Any Server makers running Arm Holdings refrence design cores instead of some fully customizied ARM cores will have an eaiser time because ARM Holdings has done most of that wotk already as far as optimizing for ARM Holding’s refrence core designs. AMD still has some ARM Cortex-A57 refrence core based Opteron A1100 based server clients that AMD still is contractually obligated to support.
It’s very easy just to compile high level code with no CPU maker’s specific compiler optimization flags set in the compiler. That Code will certianly run but it will run in a non optimized fashon that will not be as efficient for large server farm usage and require more server hardware to get the same amount of work done.
The big server customers took their sweet time evaluating AMD’s Epyc and part of Epyc’s Certification process was taken up by getting the optimization process established for first generation Zen, but the total process should go a little quicker for Zen 2. The x86 ISA is still going to be more popular for the few M$ shops running Windows on bare metal but a lot of the cloud services providors are running VM based Hypervisors or Containerized OS instances and the major VM/Container products are optimized for both AMD’s and Intel’s x86 hardware and some ARM ISA based hardware that been on the market the longest. The big cloud services providors usually have more reasons/money to make the effort at optimizing at the hand coding level for any makers custom CPU core designs with any smaller operations just recompiling with whatever complier optimization flags set if needed.
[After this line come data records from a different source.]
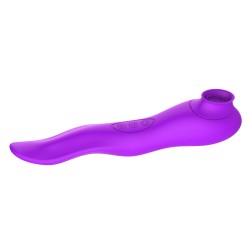 Double Head Suction Vibrator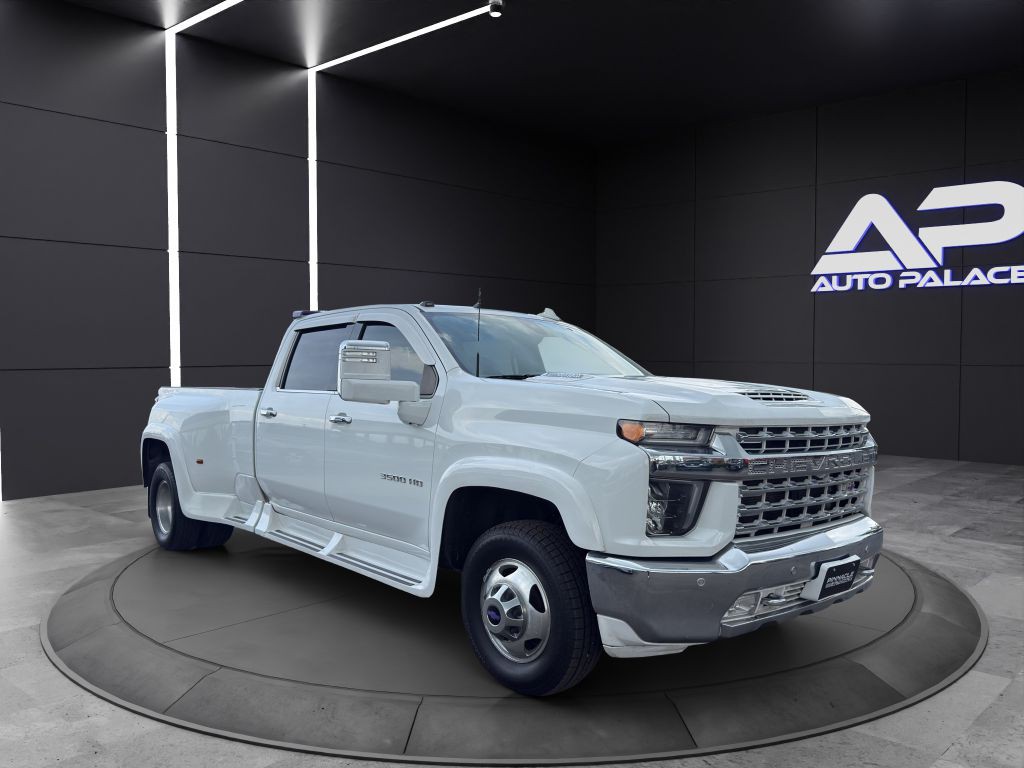 2020 Chevrolet Silverado 1500 Image 3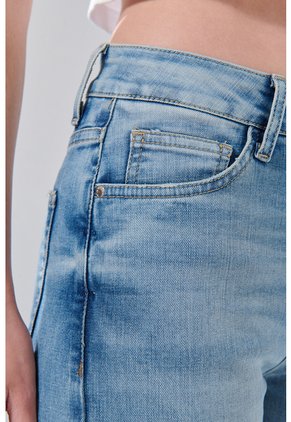 KOAJ PANTALON KOAJ JEAN STRAIGHT LEG 31697 1/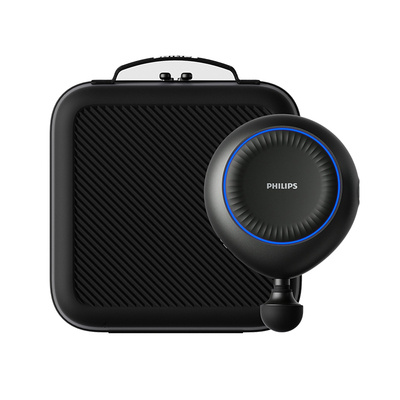 飞利浦大金刚筋膜枪肌肉放松按摩器枪专业健身电动男女肌膜按摩枪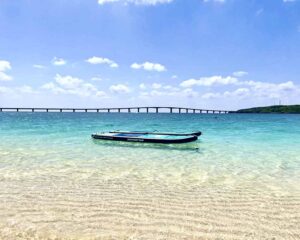 与那覇前浜ビーチ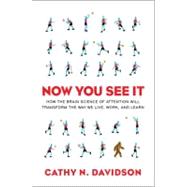 Now You See It by Davidson, Cathy N., 9780670022823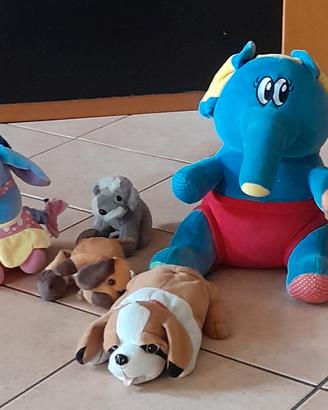 Peluche gratis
IBM’s/OpenPower’s Power ISA runs fairly optimized for the Linux OS kernel on the Power ISA but IBM spent some billions over a period of years getting Power8/Power9 optimized for Linux, in addition to IBM’s in-house OS/software ecosyetem products.
The server market will probably remain mostly x86 based in the near term but not for very much longer after as the major custom ARM core providors will be spending what is necessary to get their custom ARM core SKUs running better optimized on all the VM/Continer software offerings. Google’s Zaius, that Google co-engineered with Rackspace Hosting, is Power9 based. So the big players like Google/Others will make it easy for the smaller players to switch away from x86 to ARM/Power and other ISAs.
AMD better be holding on to all the K12 custom ARM core blueprints/verilog that Jim Keller and the K12 team produced at the same time that AMD had Keller/Zen Team designing the x86/Zen Micro-Arch. AMD is still in a better position in the AI/Compute markets to offer up its Radeon GPU compute/AI acceleration products in a package pricing deal with its Zen/Epyc server/AI offerings. But AMD needs to save its K12 IP for any timeframe where ARM will be more competative on the low power efficiency curve on high density servers that will be in use more often in the future. The ARM market has not taken off as quickly as expected but even slow and steady growth has to be watched by AMD/Others least they end up like Intel did in the mobile market.
So Google is an established player and the other large players adopting any NON x86 ISA based CPU products will eventually make it easy for the smaller players to make the switch to a different ISA. This is Especailly so with Google/Other big providors making use of the Linux Kernel and mostly open source software for their massive server farms OS/Software infrastructure.